> [Extracted material]
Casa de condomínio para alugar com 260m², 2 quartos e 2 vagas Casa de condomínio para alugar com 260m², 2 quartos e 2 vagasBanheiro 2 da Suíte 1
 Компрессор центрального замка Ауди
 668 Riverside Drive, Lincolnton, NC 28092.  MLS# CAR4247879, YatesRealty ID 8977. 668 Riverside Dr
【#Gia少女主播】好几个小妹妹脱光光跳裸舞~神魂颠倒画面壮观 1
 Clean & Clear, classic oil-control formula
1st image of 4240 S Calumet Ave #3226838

> [What this task involves] Please copy exactly the lines from the one that contains "Clean & Clear, classic oil-control formula" up to and including the final line of the listing above.

> [Response]
 Clean & Clear, classic oil-control formula
1st image of 4240 S Calumet Ave #3226838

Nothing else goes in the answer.